Using the listing below, work out how many lines contain the word "Beach", and respond with that number alone.

■ **Extracted data**
● ● ●

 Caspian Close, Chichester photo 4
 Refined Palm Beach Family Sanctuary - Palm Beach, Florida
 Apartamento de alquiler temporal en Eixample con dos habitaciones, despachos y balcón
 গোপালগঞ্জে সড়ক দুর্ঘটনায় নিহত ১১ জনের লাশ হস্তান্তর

● ● ●

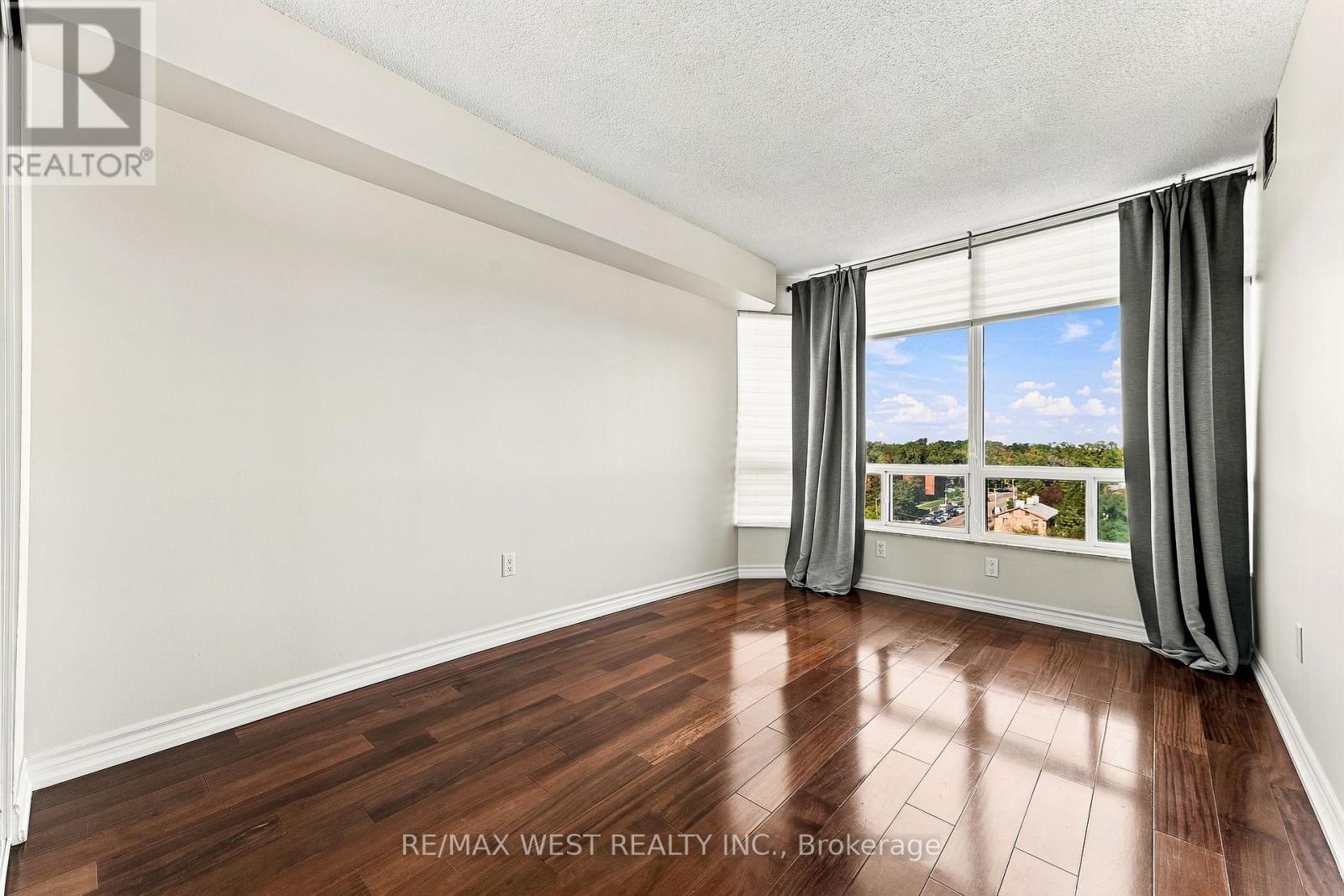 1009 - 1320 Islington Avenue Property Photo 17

● ● ●

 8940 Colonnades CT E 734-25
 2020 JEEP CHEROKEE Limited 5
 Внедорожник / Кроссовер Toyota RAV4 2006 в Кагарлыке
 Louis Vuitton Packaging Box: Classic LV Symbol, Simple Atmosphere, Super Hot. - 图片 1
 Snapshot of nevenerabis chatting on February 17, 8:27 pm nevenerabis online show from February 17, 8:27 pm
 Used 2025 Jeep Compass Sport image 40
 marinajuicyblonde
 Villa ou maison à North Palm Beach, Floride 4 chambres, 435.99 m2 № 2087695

● ● ●

■ **Task solution**
2